Biophysics in the Understanding, Diagnosis, and Treatment of Infectious Diseases Poster Abstracts

66

7-POS

Board 7

Insights into Molecular Switch: Crystal Structure Analysis of Wild Type and Fast

Hydrolyzing Mutant of EhRabX3, a Tandem Ras Superfamily GTPase from Entamoeba

Histolytica

Mintu Chandra

1

, Vijay K. Srivastava

1

, Yumiko S. Nakano

2

, Tomoyoshi Nozaki

2

.Sunando

Datta

1

1

Indian Institute of Science Education and Research (IISER) Bhopal, Bhopal, Indiana,

India,

2

National Institute of Infectious Diseases, Shinjuku-ku, Tokyo, Shinjuku-ku, Tokyo,

Japan.

Background: The enteric protozoan parasite, Entamoeba histolytica, is the causative agent of

amoebic dysentery, liver abscess and colitis in human. Vesicular trafficking plays a key role in

the survival and virulence of the protozoan and is regulated by various Rab GTPases.

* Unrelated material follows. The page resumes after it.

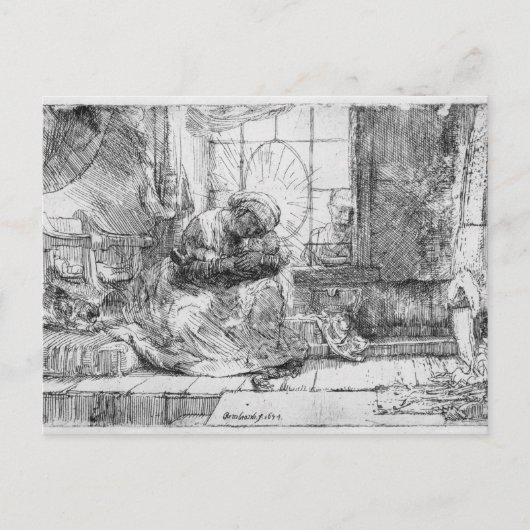 1654年、猫を飼った聖家 ポストカード (正面)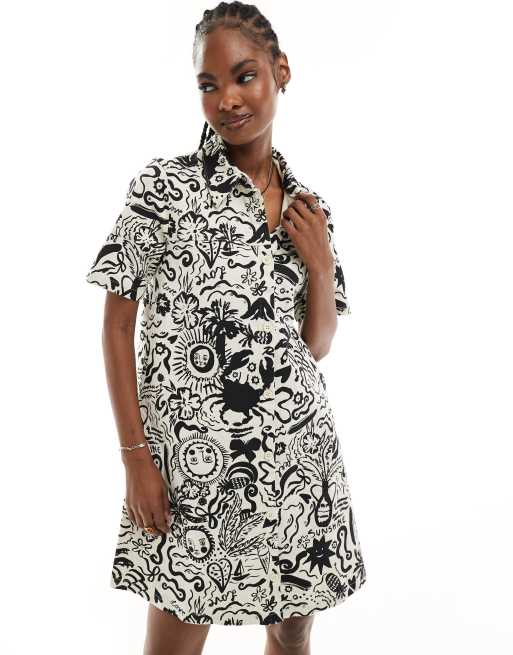 Monki - Mini-overhemdjurk met korte mouwen, knoopsluiting en zwart-witte zomerprint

EhRabX3, a catalytically inefficient amoebic Rab protein, is unique among the eukaryotic Ras

superfamily by virtue of its tandem domain organization. A detail structural analysis revealing

sub-atomic description of the protein is essential for understanding how the classical GTP/GDP

cycle is influenced by the domain organization in 3-dimensional space and why this atypical

GTPase is catalytically dead.

Methodology/Results: Here, using Se-Met SAD phasing, we report the crystal structures of GTP-

bound wild type EhRabX3 and its fast hydrolyzing mutant in GDP-bound form. Interestingly,

only the N-terminal G-domain showed nucleotide bound to its active site. The overall structure

showed that the central beta sheets of NTD and CTD are oriented at right angle to each other.

Compared to other Ras superfamily members, both G-domains displayed large deviation in

switch II, perhaps due to non-conservative substitution in this region. The bulky side chain of

Val71 occluded Lys73 from the nucleotide binding pocket, providing a rationale for the

diminished GTPase activity of EhRabX3. Replacement of Val71 and Lys73 by conventional

counterparts, Ala and Gln, respectively, resulted in large enhancement in its GTPase activity.

Moreover, the existence of an intra-molecular disulfide bond in EhRabX3 is found to be critical

for maintaining the structural integrity and function of this unique Rab protein.

Conclusions: Structure-guided functional investigation of cysteine mutants could provide

physiological implications of the disulfide bond and allow us to design potential inhibitors for

the better treatment of intestinal amoebiasis.